EXERCISE AIM - Every line below from the one containing "Aden + Anais" through the one containing "A LARGE GILTWOOD" must be transcribed exactly. Omit all lines outside that stretch.

GIVEN INFORMATION -
- Opening Delimiter -

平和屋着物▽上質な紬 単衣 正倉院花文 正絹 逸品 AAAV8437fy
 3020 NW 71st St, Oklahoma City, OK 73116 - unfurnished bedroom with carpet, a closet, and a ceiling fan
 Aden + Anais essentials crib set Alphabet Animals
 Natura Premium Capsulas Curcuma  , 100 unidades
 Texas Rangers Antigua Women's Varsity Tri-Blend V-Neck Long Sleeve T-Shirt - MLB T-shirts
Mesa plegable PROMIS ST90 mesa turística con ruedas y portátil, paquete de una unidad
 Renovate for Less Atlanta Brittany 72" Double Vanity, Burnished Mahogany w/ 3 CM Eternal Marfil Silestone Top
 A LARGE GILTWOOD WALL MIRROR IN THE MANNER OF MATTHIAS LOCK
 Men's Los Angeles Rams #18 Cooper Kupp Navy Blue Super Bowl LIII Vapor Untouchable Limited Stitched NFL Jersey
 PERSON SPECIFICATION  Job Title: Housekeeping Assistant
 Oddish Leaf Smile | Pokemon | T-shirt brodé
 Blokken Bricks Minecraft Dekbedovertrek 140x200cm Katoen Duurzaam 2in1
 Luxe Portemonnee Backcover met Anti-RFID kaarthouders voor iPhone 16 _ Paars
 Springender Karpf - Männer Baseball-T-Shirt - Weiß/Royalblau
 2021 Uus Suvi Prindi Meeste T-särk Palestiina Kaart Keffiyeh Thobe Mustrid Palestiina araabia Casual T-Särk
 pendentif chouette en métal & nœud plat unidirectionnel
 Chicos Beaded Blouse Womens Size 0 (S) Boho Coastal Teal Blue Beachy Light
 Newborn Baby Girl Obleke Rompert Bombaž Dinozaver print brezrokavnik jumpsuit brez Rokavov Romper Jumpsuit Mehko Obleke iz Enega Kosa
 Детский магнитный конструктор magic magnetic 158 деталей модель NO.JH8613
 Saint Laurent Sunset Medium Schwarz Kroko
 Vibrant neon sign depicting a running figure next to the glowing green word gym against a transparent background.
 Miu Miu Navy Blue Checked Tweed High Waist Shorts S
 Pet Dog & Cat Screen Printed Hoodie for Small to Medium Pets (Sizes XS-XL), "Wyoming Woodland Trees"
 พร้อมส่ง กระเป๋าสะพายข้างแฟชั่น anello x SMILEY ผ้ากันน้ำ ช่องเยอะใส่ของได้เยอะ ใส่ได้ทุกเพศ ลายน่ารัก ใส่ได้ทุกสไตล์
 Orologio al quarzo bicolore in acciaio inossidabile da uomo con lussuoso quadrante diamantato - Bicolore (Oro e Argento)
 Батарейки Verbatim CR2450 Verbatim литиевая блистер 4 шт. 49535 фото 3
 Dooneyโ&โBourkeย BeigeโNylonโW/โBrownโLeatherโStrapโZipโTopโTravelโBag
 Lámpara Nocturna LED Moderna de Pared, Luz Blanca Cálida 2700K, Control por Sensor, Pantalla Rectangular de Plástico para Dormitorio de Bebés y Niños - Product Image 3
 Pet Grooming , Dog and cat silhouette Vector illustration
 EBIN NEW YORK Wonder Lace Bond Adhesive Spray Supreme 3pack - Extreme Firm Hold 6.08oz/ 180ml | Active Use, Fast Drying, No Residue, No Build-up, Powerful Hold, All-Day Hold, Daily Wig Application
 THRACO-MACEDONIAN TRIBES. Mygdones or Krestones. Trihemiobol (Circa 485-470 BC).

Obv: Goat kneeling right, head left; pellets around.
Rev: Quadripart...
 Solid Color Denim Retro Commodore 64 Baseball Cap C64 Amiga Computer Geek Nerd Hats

- Closing Delimiter -

EXERCISE ANSWER -
 Aden + Anais essentials crib set Alphabet Animals
 Natura Premium Capsulas Curcuma  , 100 unidades
 Texas Rangers Antigua Women's Varsity Tri-Blend V-Neck Long Sleeve T-Shirt - MLB T-shirts
Mesa plegable PROMIS ST90 mesa turística con ruedas y portátil, paquete de una unidad
 Renovate for Less Atlanta Brittany 72" Double Vanity, Burnished Mahogany w/ 3 CM Eternal Marfil Silestone Top
 A LARGE GILTWOOD WALL MIRROR IN THE MANNER OF MATTHIAS LOCK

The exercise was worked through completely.